[Stored items]
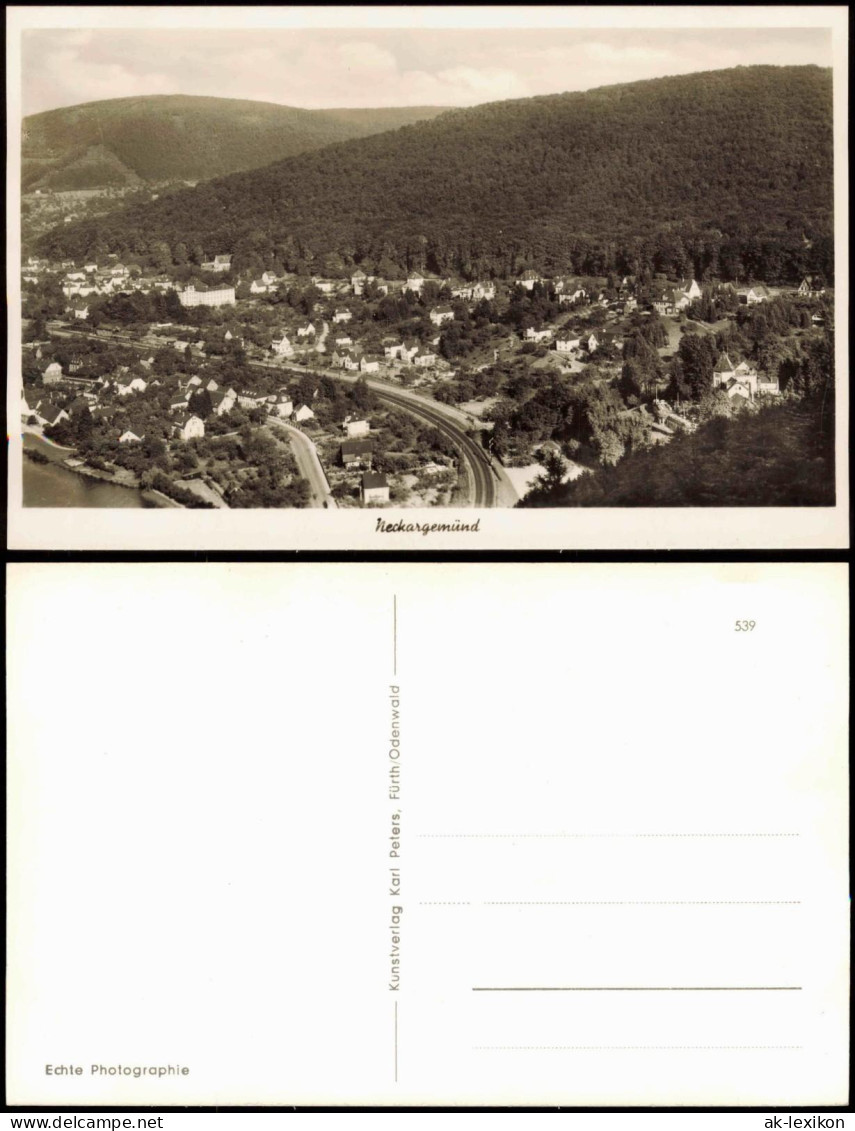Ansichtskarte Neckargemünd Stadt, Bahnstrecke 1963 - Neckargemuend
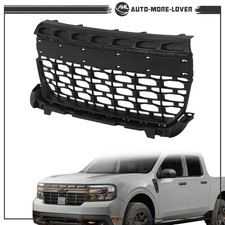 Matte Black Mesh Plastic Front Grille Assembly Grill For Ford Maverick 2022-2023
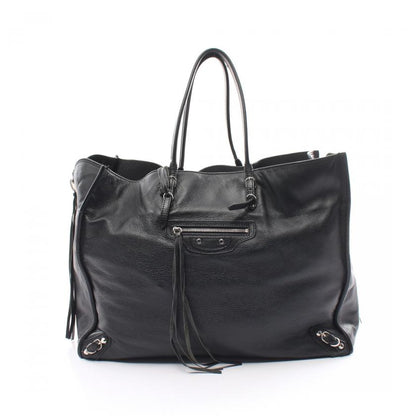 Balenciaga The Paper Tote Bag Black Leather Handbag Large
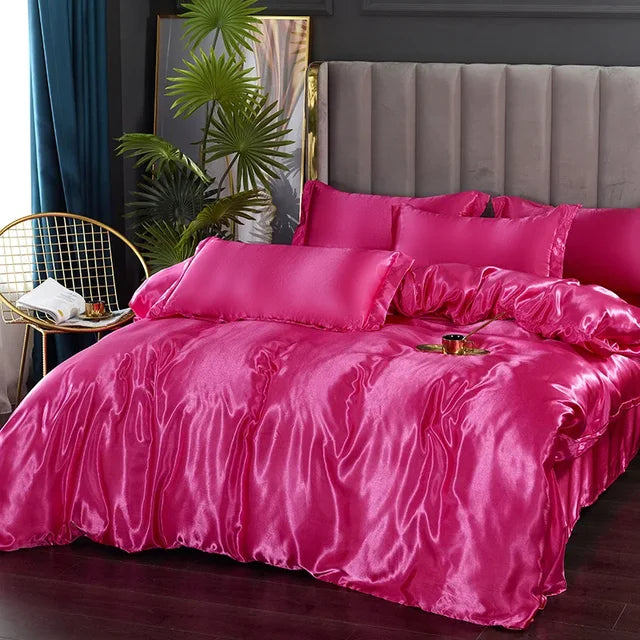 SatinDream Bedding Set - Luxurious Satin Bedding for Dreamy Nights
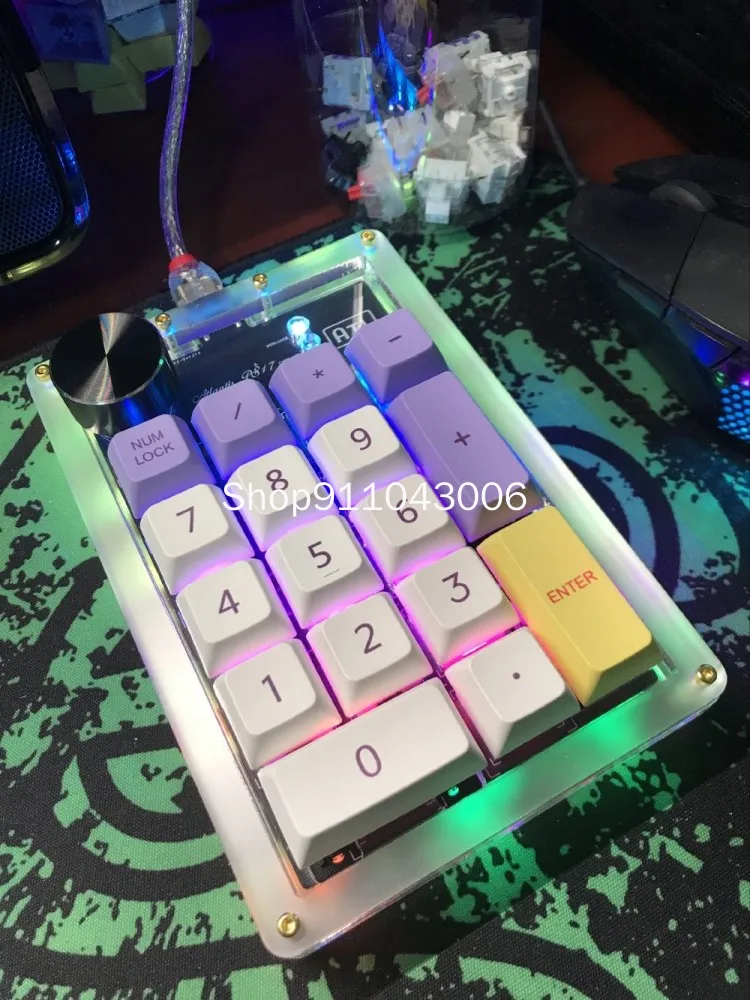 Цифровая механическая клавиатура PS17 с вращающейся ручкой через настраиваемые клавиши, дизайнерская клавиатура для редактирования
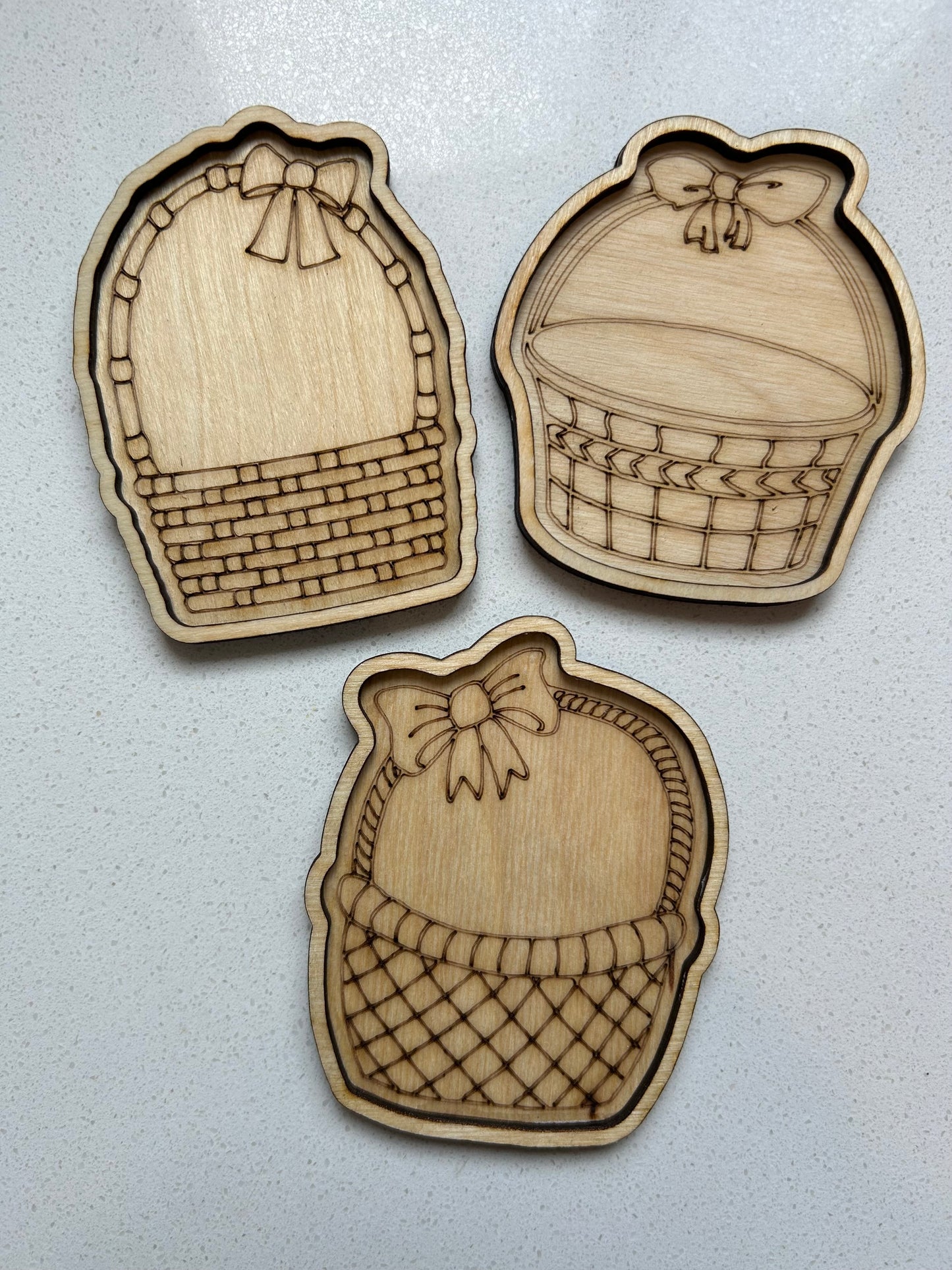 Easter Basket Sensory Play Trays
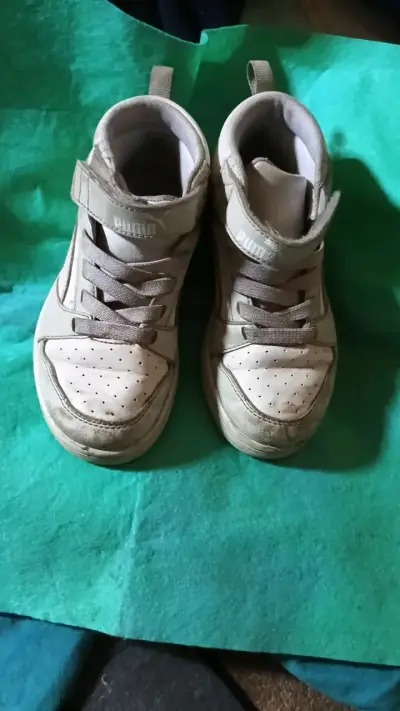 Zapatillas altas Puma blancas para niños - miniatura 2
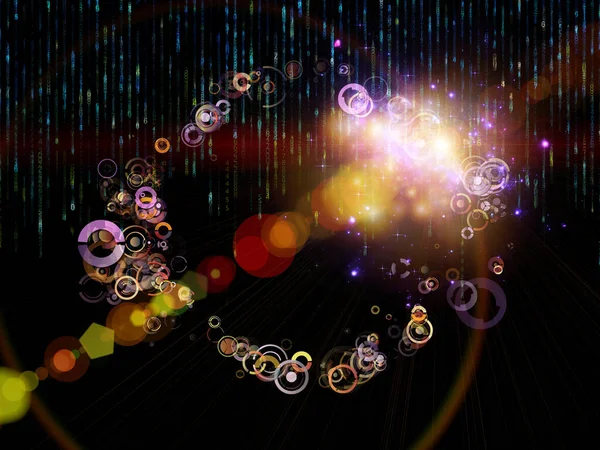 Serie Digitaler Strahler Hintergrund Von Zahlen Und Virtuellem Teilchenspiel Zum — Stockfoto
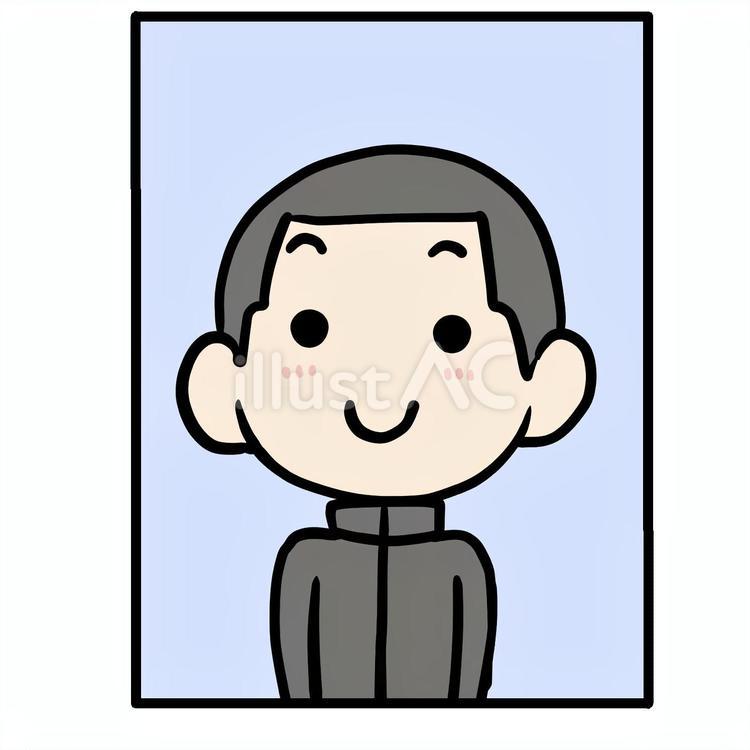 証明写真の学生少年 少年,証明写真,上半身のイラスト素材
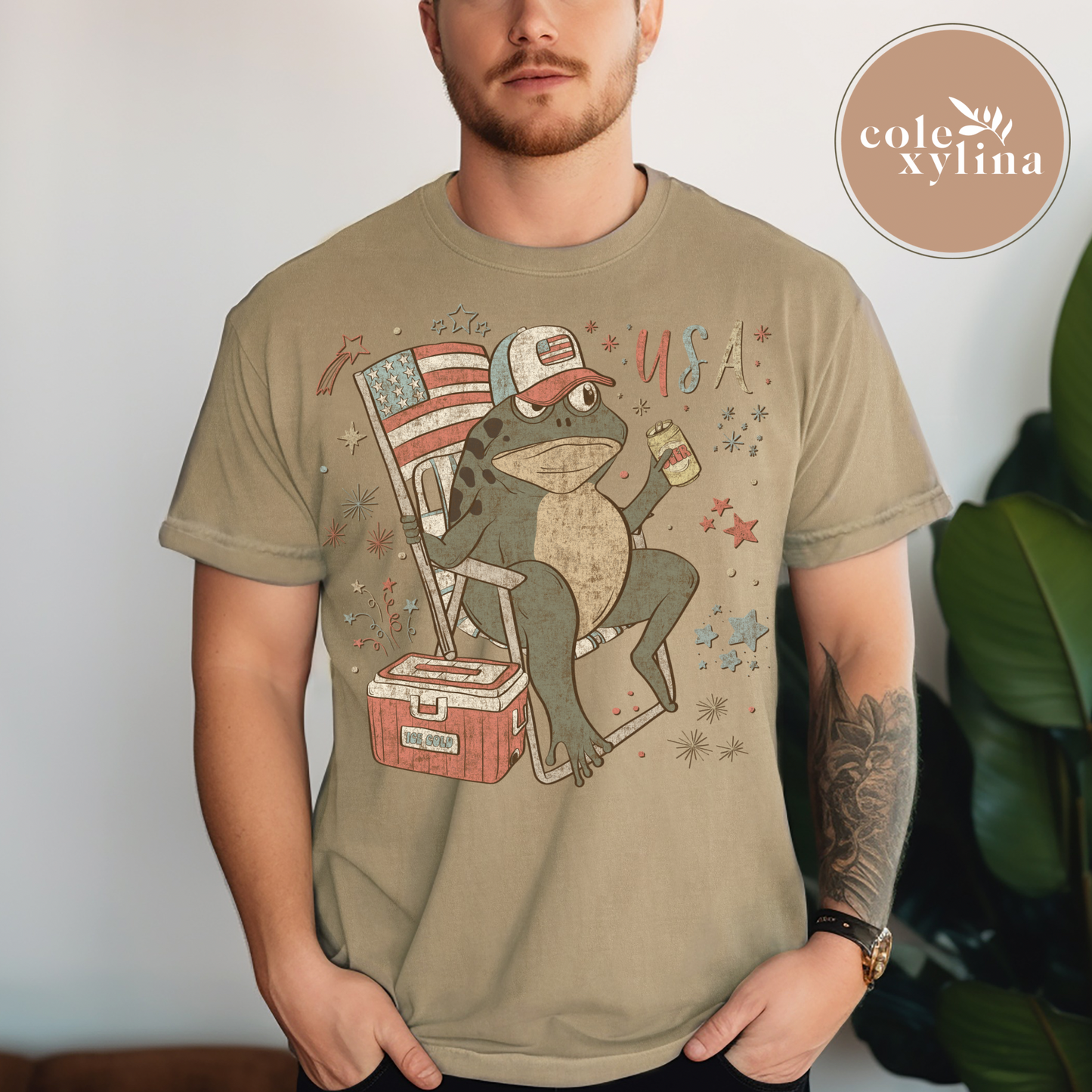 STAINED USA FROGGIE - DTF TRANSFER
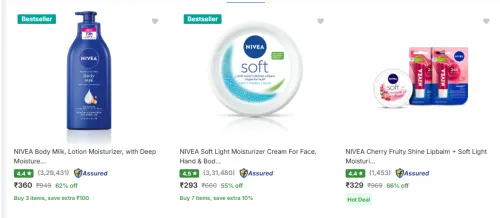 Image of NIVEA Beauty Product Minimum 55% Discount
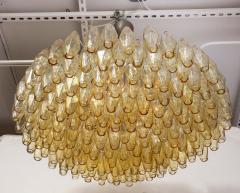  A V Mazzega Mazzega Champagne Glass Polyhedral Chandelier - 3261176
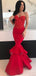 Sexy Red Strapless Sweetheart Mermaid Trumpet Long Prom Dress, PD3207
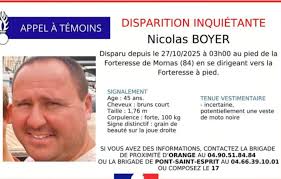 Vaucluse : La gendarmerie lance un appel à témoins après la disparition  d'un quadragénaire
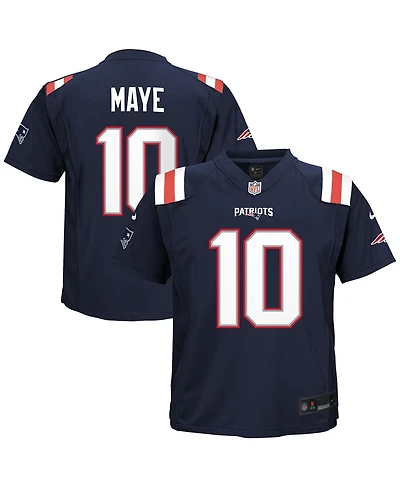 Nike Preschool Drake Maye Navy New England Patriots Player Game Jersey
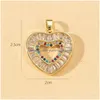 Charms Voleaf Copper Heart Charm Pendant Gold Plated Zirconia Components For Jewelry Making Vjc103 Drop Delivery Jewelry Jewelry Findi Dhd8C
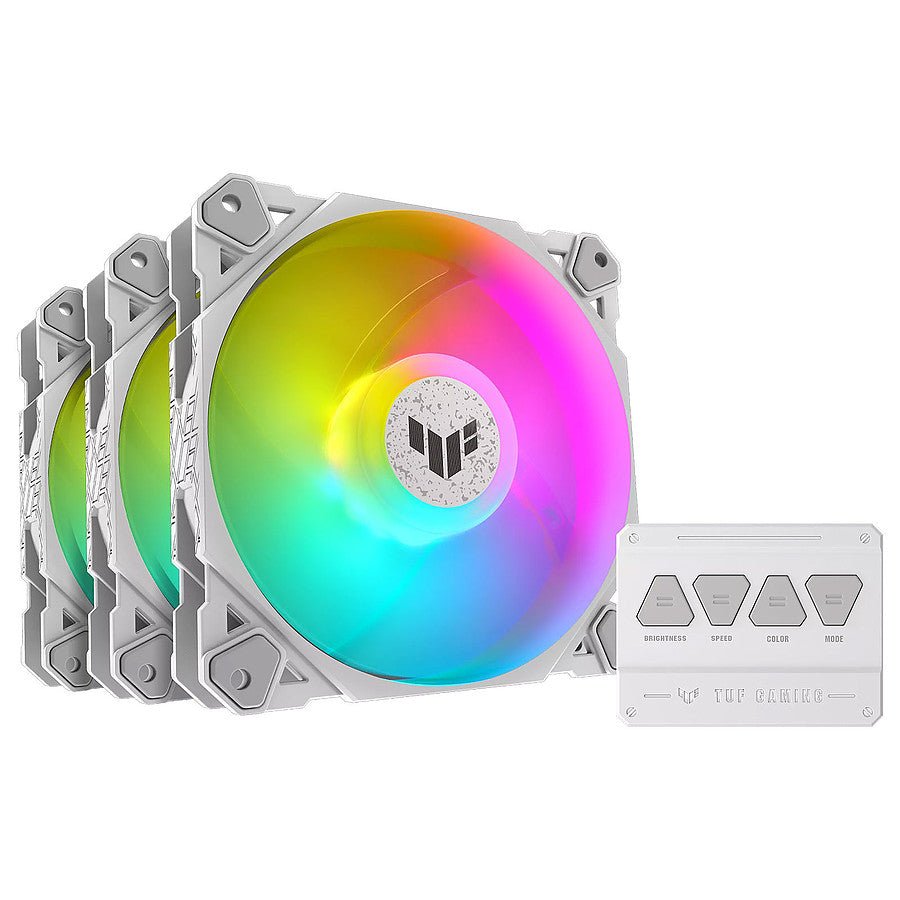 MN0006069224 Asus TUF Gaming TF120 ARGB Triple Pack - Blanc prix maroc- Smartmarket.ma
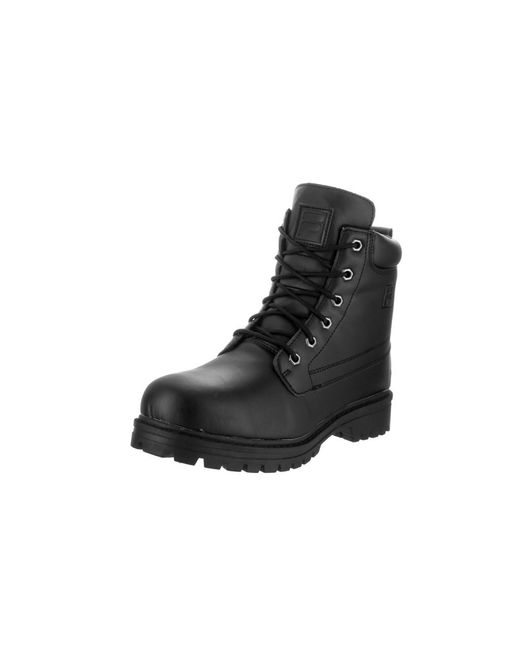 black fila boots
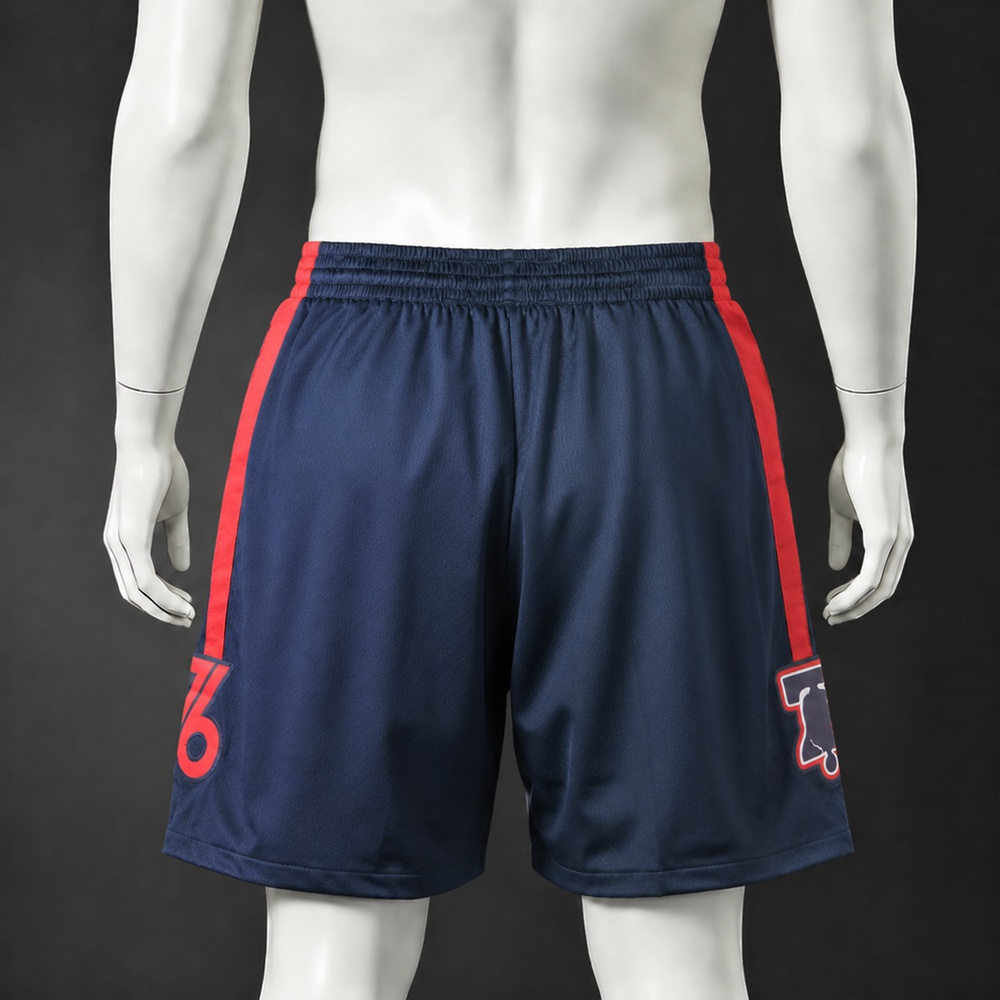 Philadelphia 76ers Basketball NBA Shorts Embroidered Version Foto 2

- WORK REQUEST -
Would you repeat exactly, and only, the lines from the start of the records above through the line containing "SatinDream Bedding Set", with the pictures omitted?

- ANSWER FOR THIS EXERCISE -
Ansichtskarte Neckargemünd Stadt, Bahnstrecke 1963 - Neckargemuend
 Matte Black Mesh Plastic Front Grille Assembly Grill For Ford Maverick 2022-2023
 Balenciaga The Paper Tote Bag Black Leather Handbag Large
 SatinDream Bedding Set - Luxurious Satin Bedding for Dreamy Nights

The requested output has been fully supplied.